__What you are asked to do__. Every line from the one with "Ik hou ervan" through the end of the entries below should be written out exactly; the pictures should not.

__Dataset extract__.

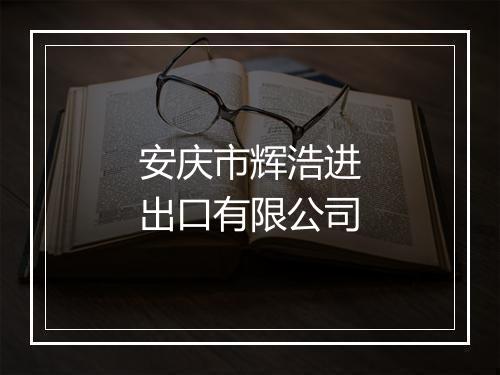 安庆市辉浩进出口有限公司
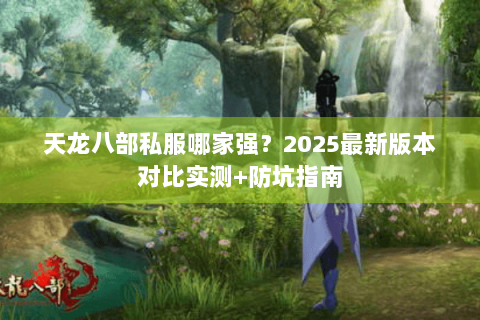 天龙八部私服哪家强？2025最新版本对比实测+防坑指南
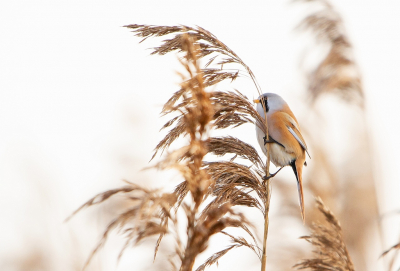 Op de laatste dag van het jaar nog even op stap geweest. Wat ik hoopte te vinden (een of meer Zeearenden) vond ik niet, maar wel een groepje Baardmannetjes. Een stuk kleiner, maar ook altijd leuk.
Ik hou ervan om vogels achter rietstengels, takjes, etc. te fotograferen.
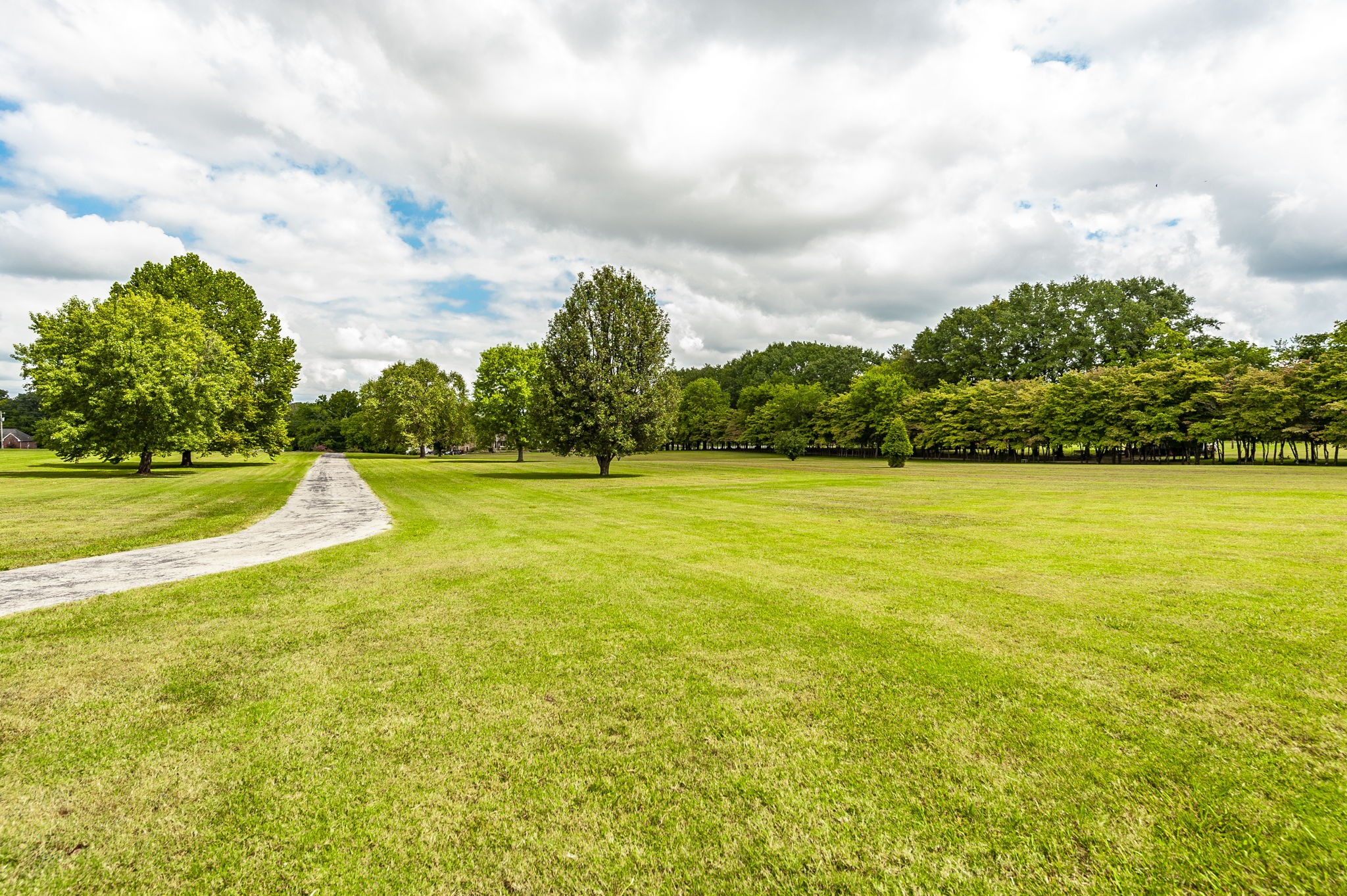 117 East Robertson Road Castalian Springs, TN 37031 - Photo 17 of 74 Gallery Image 17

__Result__.
Ik hou ervan om vogels achter rietstengels, takjes, etc. te fotograferen.
 117 East Robertson Road Castalian Springs, TN 37031 - Photo 17 of 74 Gallery Image 17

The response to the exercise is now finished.